El Arzobispo Sample agita el bálsamo fragante en el aceite para hacer el crisma sagrado, el aceite utilizado en bautismos, ordenaciones y dedicaciones de la iglesia. (Ed Langlois/Catholic Sentinel).

Música litúrgica espléndida, 150 sacerdotes vestidos de blanco como símbolo de pureza y comunión con el arzobispo y una catedral llena de fieles laicos, hicieron de la Misa Crismal del 11 de abril del 2022 uno de los momentos católicos más importantes en el oeste de Oregon en los últimos dos años.

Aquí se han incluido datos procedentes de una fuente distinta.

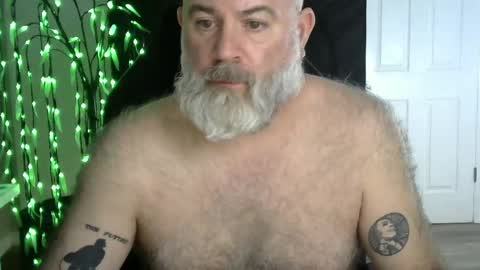MrSlowBurn77 online show from May 6, 2026, 2:29 am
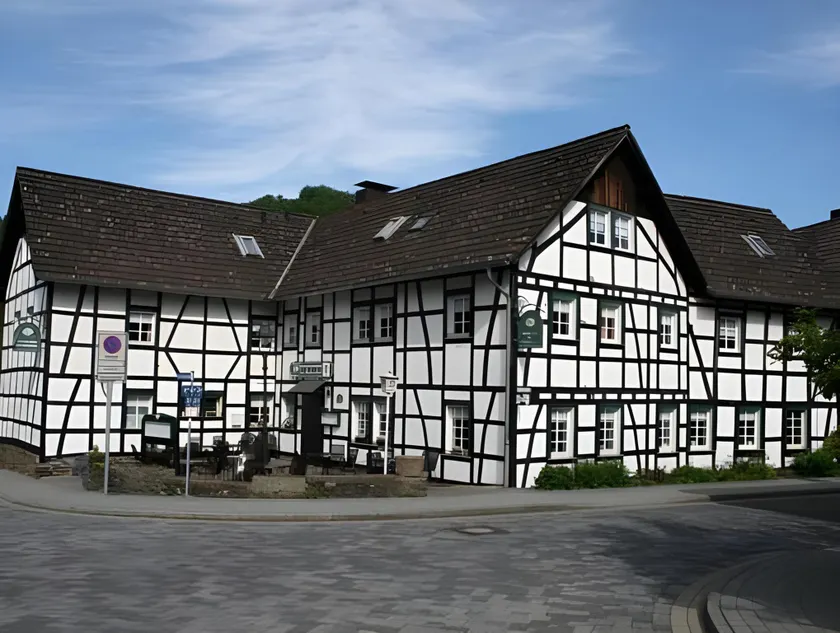 Garni Hotel im Fachwerkhof - Image 1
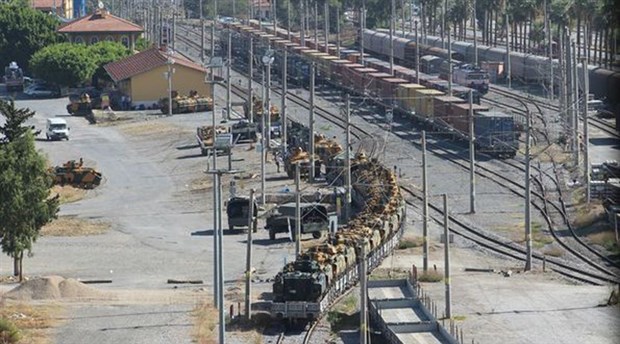 Suriye sınırına askeri araç sevkiyatı gece de devam etti!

En la liturgia anual, restringida en 2020 y 2021 debido a la pandemia, los sacerdotes se reúnen para la comunión y para recoger los frascos de aceite que usarán para bautizar a los nuevos católicos y bendecir a los enfermos. De esta única Misa, las gracias sacramentales fluyen por toda la región.

 

“Qué glorioso espectáculo es este”, dijo el arzobispo Alexander Sample. “No siento nada más que puro gozo al ver el Cuerpo de Cristo reunido como uno solo”.

 

Los fieles vienen a tener una idea de toda la iglesia con obispos, sacerdotes, religiosos y fieles laicos a mano.

 

Elena Myre, de la parroquia de San Miguel en el centro de Portland, dijo que la Misa Crismal es su liturgia favorita del año.

 

“La unidad es muy evidente aquí”, dijo Myre, quien asistió con un gran grupo de jóvenes. “Es genial estar aquí con toda la iglesia”.

 

Nate y Jamie Snell, una pareja de esposos que asiste a las parroquias de Santa Rosa de Lima y San Miguel en Portland, se hicieron católicos el año pasado y apreciaron la cohesión que se exhibió en la Misa Crismal después de vivir con la división en su antigua comunidad cristiana.

 

“La Iglesia Católica nos atrajo con sus siglos de unidad”, dijo Nate.

 

"Estamos sanados por la unidad de esta jerarquía", agregó Jamie.

 

En su homilía, el arzobispo destacó una de las frases del profeta Isaías leída por Jesús en la sinagoga como un anuncio de misión: “sanar a los quebrantados de corazón”.

 

Esta es una buena noticia para todos nosotros”, dijo el arzobispo, citando problemas contemporáneos como la pandemia, la división y la guerra. “El misterio pascual tiene que ver con Cristo que ha venido a sanarnos”.

 

El arzobispo instó a los oyentes a decirse a sí mismos: “Cristo ha venido por nosotros, ha venido por mí. Estoy enfermo. Soy un pecador. Gracias por venir por mí”.

 

Les dijo a los sacerdotes que participan en los ministerios de sanación de Cristo de una manera sacramental profunda. Durante la noche, los hombres renovaron sus promesas sacerdotales.

 

El padre Dick Rossman, un pastor de larga data que ahora está en residencia en la parroquia de St. Mary en Shaw, dijo que la misa Crismal es un buen momento para estar con otros sacerdotes y el arzobispo para trabajar en la construcción de la unidad.

 

Trompas, timbales, órgano y un gran coro dirigido por Angela Westhoff-Johnson acompañaron a la congregación en la oración cantada, incluyendo “Totus tuus” de Michael John Trotta, traducido “Te pertenezco por completo”, lo que dejó a varios fieles limpiándose los ojos y las voces masculinas de los sacerdotes retumbando en la catedral con cada canción.